Week 33: Intern Extravaganza


In my 21st week at the Mayme A. Clayton Library and Museum, I received more direction on my exhibit, discussed the collection hierarchy, and took responsibility for another history undergraduate intern.

The Audio Assault exhibit continues to be an exercise in unlocking the curator’s imagination. On the positive side of the equation, my narrative is becoming much more intuitive to me. I can clearly express what I want the visitor to experience at each section of the exhibit. When I came to work on Tuesday, I went about measuring the space to determine if the content that I had selected would be sufficient to populate the walls. I haven’t taken a math class in a decade but my calculations left me feeling like I needed more content. I brought my concern to Larry and he told me that I did not need to crowd the walls to get a message across; 3-4 powerful images or quotes would give the desired effect. The better question was if I was satisfied with the quality of my selections, rather than the quantity. For example, I want the beginning of the exhibit to demonstrate how the tension between the races was mounting in the mid to late 60’s and I currently had some portrait images of Medgar Evers and students picketing. A person would have to know that Medgar Evers was assassinated in his driveway and non-violent protesters were met with fire hoses and attack dogs to get the message, the imagery should make the sentiment more obvious to the viewer. It is my task to consult more items in the collection, and see if someone besides me could understand the perspective that I am trying to illustrate. Other topics that we discussed were the manipulation of images to make people step back and take something in or lean in closer to read something smaller. All of these techniques and strategies will have to be employed to give people a dynamic Black Power experience in the hallway of this de-commissioned courthouse.

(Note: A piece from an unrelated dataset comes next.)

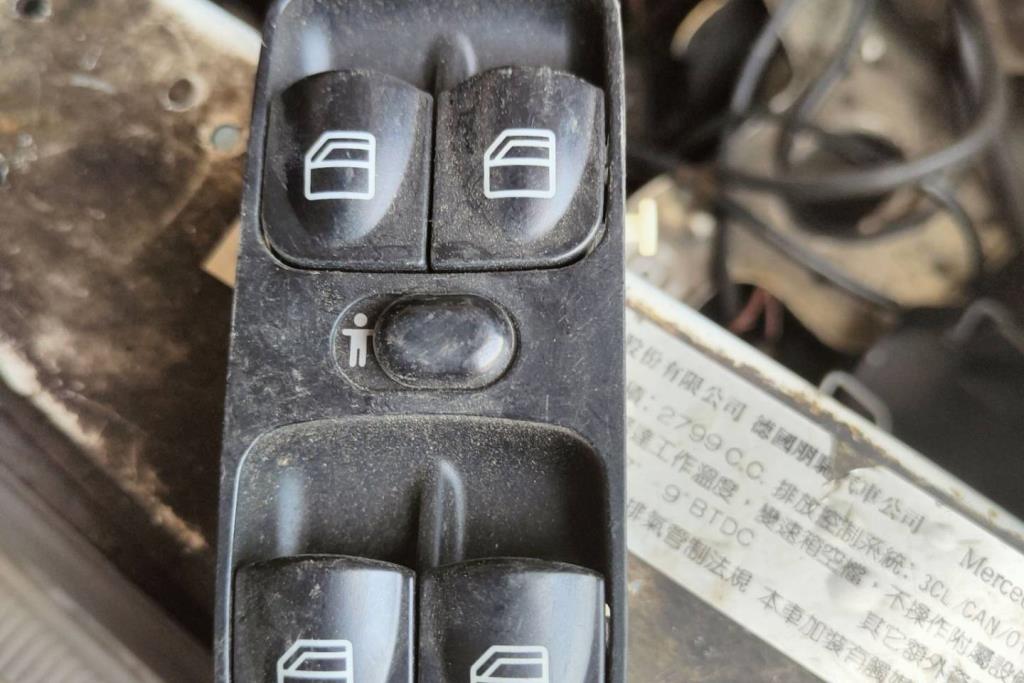 Cabin  Control buttons Mercedes Benz C200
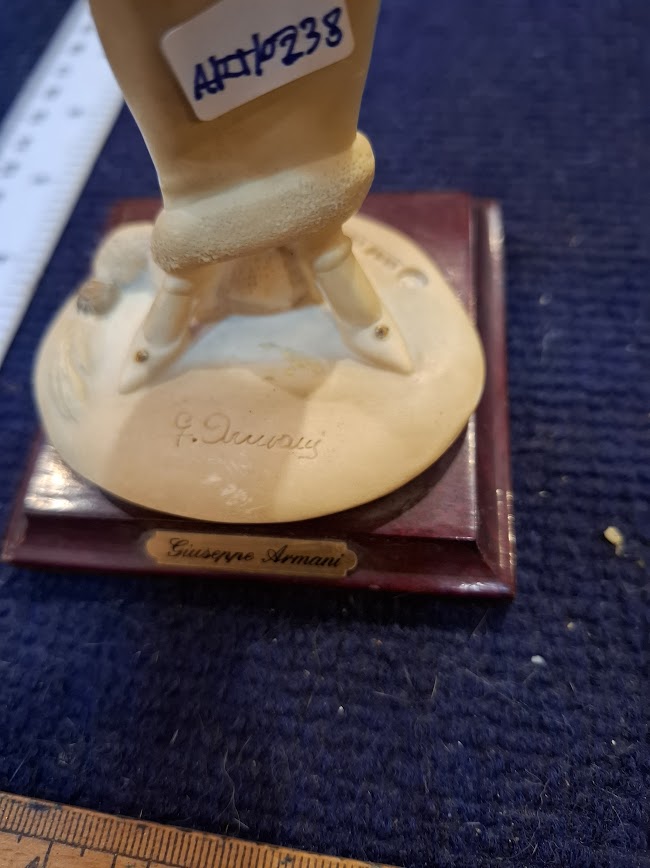 Vintage porcelain rare woman figurine [ART10238]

On Saturday, two of my favorite museum worker bees, Greta and Eric, came in to talk about the Online Archive of California and how materials were organized within the archive. I like working with Greta and Eric because they both have graduate degrees in library science with a concentration in archives and we tend to speak the same language about the status of the collections. As Greta and Eric have been working through our catalog and trying to determine which collections are ready for upload to OAC, they have come across entries that don’t seem to meet the criteria of a traditional candidate for collection level description (finding aids). For example, there is a woman who donated a cookie jar to the museum, I’m not sure what the historical significance was, but it was accessioned by the staff at MCLM at some point. Should this item have its own finding aid? Greta suggested that we have a general “artifacts” collection and describe these random items from random donors at the item level. Eric mentioned that sometimes one item could warrant its own collection because we would not want to bury something significant like a signed first edition copy of Phyllis Wheatley’s “On Things Religious and Moral” in the list of book materials of a finding aid. Greta countered with the power of EAD and the semantic web; anything that we upload on EAD will be fully searchable. If you are looking for that special book, as long as the <unittitle> tag reads the book’s title, and <objecttype> tag reads book, it will pop up regardless of its status as an item in a series or the title of a collection. I took in everything that they were saying and told them that there were many ways to answer the questions; it was just going to take one person to make a decision and get everyone on board with the reasoning. I’ve never had to generate policies in an archival setting and as many examples as I consult, the decision has to be the option that makes the most sense for MCLM. My work is definitely cut out for me.

Throughout the week, Cara and I had been discussing what to do with Kathy, the second history intern from UCLA. The first one, Susan, is helping me with the Audio Assault exhibit. Kathy has been bounced around at the museum for the past two Saturdays, helping us to greet visitors and answer the phones. I knew that she needed something more substantial to make her internship more valuable. On Friday afternoon, it occurred to me to have her process the six linear feet that compose the Antoinette Culpepper architecture collection. I have been intrigued by this collection ever since I started working at MCLM. I found the six boxes while I was going through Mayme’s papers and based on the art deco style block handwriting contrasted with Mayme’s loopy cursive, and the persistent focus on buildings and drawings, I knew that these materials did not belong with Mayme’s papers. To add to the intrigue, MCLM has a “blueprint” collection that is only composed of drawings from a firm with “Culpepper” in the title. There is very limited information in the finding aid about the blueprint collection, so I think that Antoinette’s files will add more of a context for that collection. Kathy has eight more weeks with us, so I am going to supervise her processing of these architecture records. On Saturday, I gave her a crash course archival methodology and told her that we would go through it one step at a time, starting with a survey. Based on her notes, she has a pretty good idea of how to identify the material types, subjects, dates, and proper names that we might use to arrange and describe the collection in the next step.